Agri committee hears drystock sector ‘imperative’ as Ó Cuiv walks out
The Committee were discussing an Irish Farmers Association (IFA)-commissioned report on the importance of the cattle and sheep sectors to the Irish economy. Report author and University College Dublin Professor of Agriculture and Food Economics Alan Renwick was before the committee, along with IFA president John Bryan.
Chairman of the committee deputy Andrew Doyle TD said: “This afternoon’s meeting was a valuable opportunity to assess the current economic impact of the drystock sectors on the Irish economy. The sectors are vital to sustaining 100,000 full-time jobs, spread widely throughout the country. It was also pointed out that there was a considerable multiplier effect in the rural economy from the industry. The notion of a tipping point was raised by Prof Renwick, who argued that the sectors might be rendered un-viable in many areas of the country without the required supports. Pointing to the danger of the multiplier effect working in reverse, it was pointed out that a 25 and 20 per cent fall in cattle and sheep numbers could amount to jobs losses in the tens of thousands.
“Given that drystock sector accounts for a similar output as the dairy sector, its economic importance cannot be overstated. Sustaining and developing the sector into the future must be based on a model which secures a reasonable income for the primary producer. The concerns of this report therefore, should flow into policy making at the highest levels, including the relevant Food Harvest implementation group.
“With growing world demand for food, coupled with Ireland’s ambitious Food Harvest 2020 targets, it was pointed out that targeted programmes were required help secure the sectors into the future.It is an imperative that the sector is nurtured to become as productive and viable as possible. ”
Meanwhile Fianna Fail’s agriculture spokesman Éamon Ó Cuív walked out midway of the hearing in protest.
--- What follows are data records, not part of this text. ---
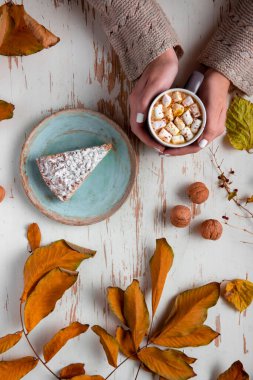 Pasta, ceviz ve dağınık yapraklarla dolu eski püskü bir masada elinde lokum tutan kadınların üst görüntüsü.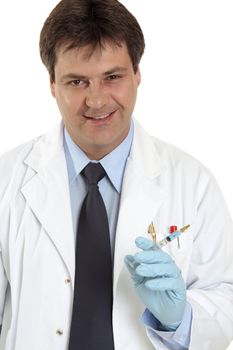 Smiling medical practitioner holding a syringe needle filled with medication, vaccination or other drug.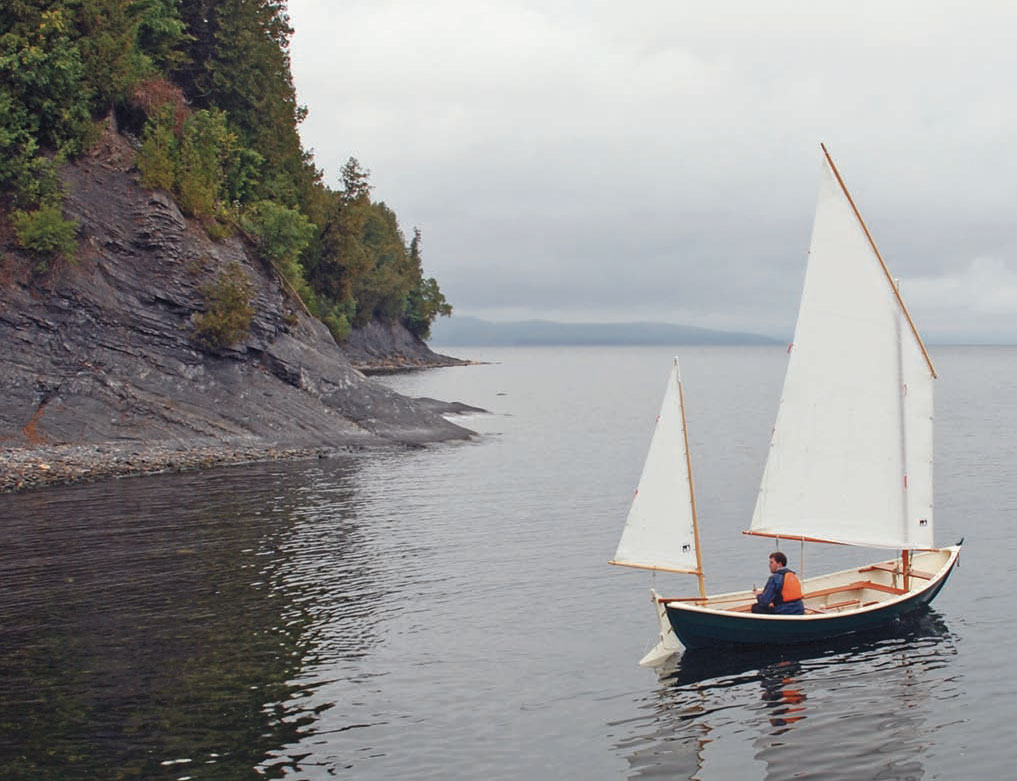 Small sailboat with white sails on Lake Champlain.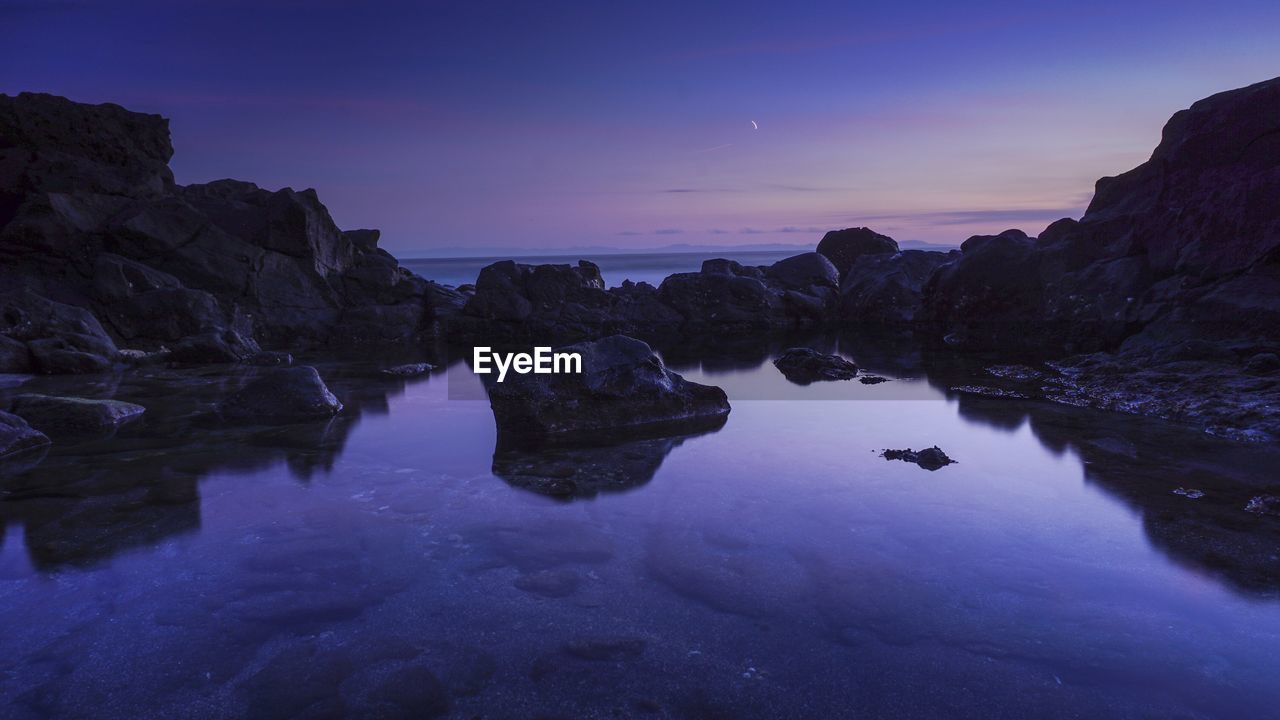 Scenic view of sea against sky at sunset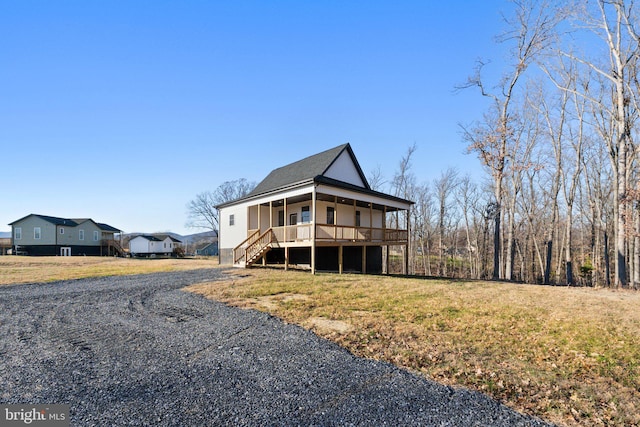 view of front of home with a porch and a front lawn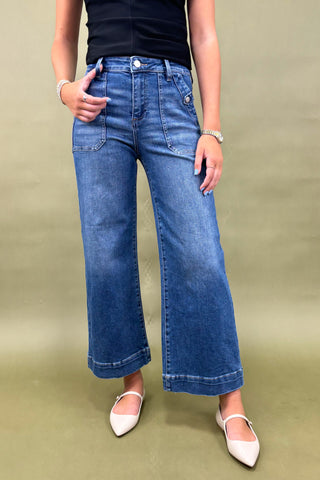 Person wearing blue jeans and a black top on a plain background
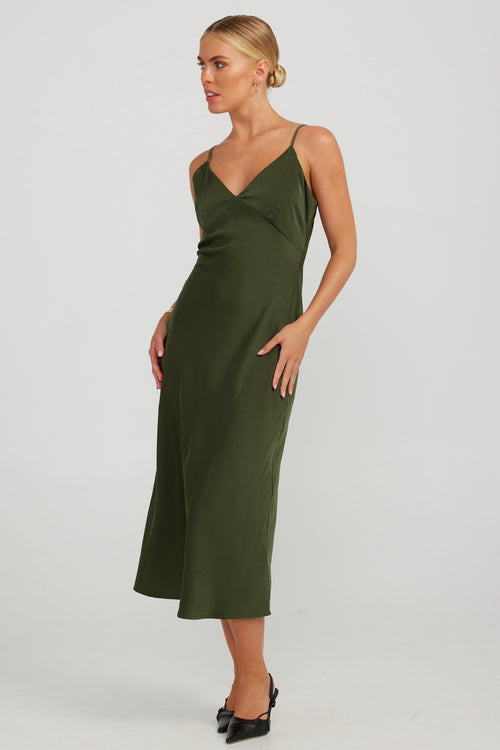 model wears a green slip midi dress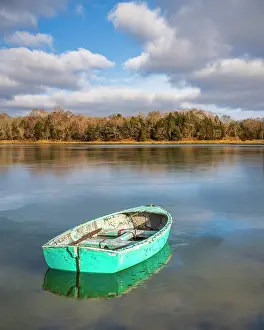 Salt Pond Prints: Green rowboat on ice at Salt Pond, Cape Cod, Eastham, Massachusetts, USA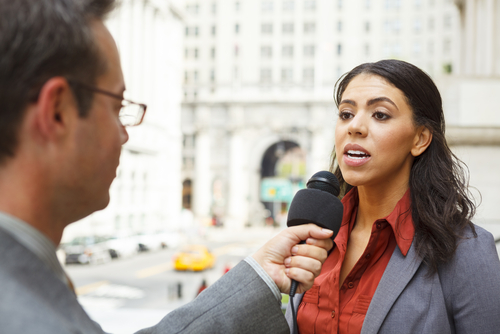 Reporter interviewing someone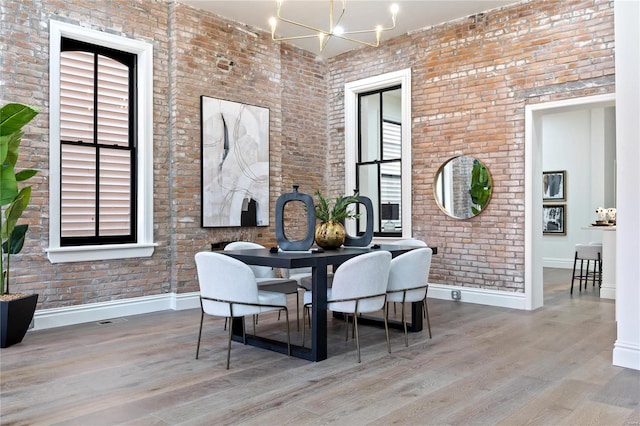 dining room featuring brick wall, light wood-type flooring, and plenty of natural light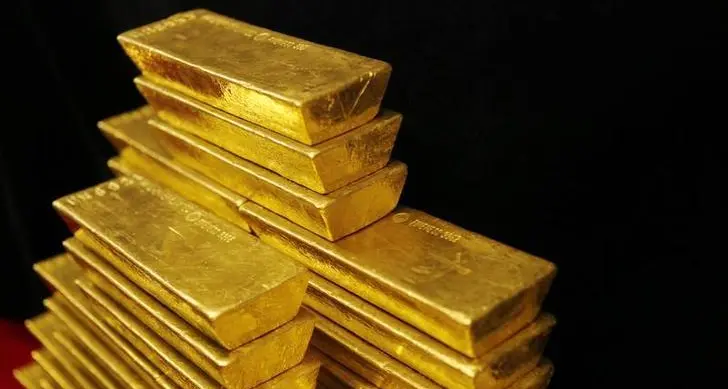 Gold subdued as dollar firms, investors seek more Fed cues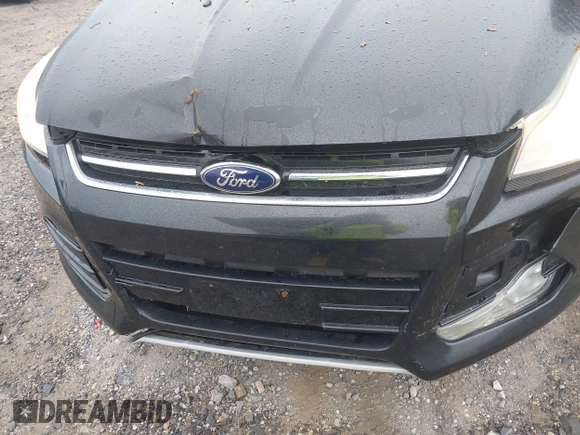 2014 Ford Escape Titanium with VIN 1FMCU9J90EUC24898, listed as a IAAI auction lot 42166523 with 152,464 mi miles and . Bid and sale history available at DreamBid. Image 6.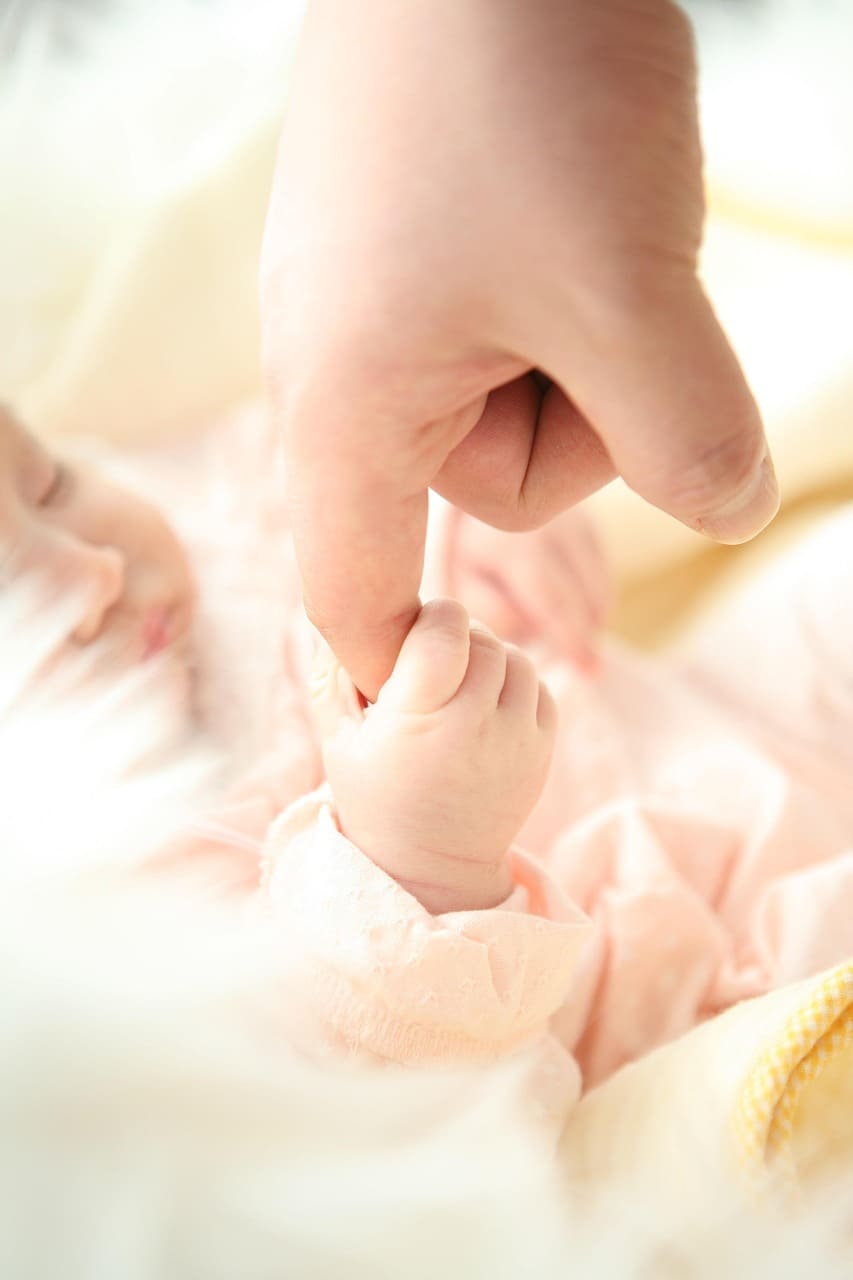 Bébé qui tient le doigt de maman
The Galway West deputy was asking if taking into account coupled subsidised and sale prices, was the farmer who had extra stock and producing more actually making a profit. He claimed his question to Prof Renwick was sidelined by the IFA president and walked out in protest.
Speaking afterwards, Deputy Ó Cuív said: “I had to walk out in protest. Taking into account coupled subsidies and prices, I was asking the professor with increased levels of stock and production, intensive farming, was the farmer in fact loosing money. The IFA president would not allow him [the professor] to answer. It was an insult to my intelligence and an insult to farmers. Farmers need to make a profit from active farming, not make a loss with increased production.”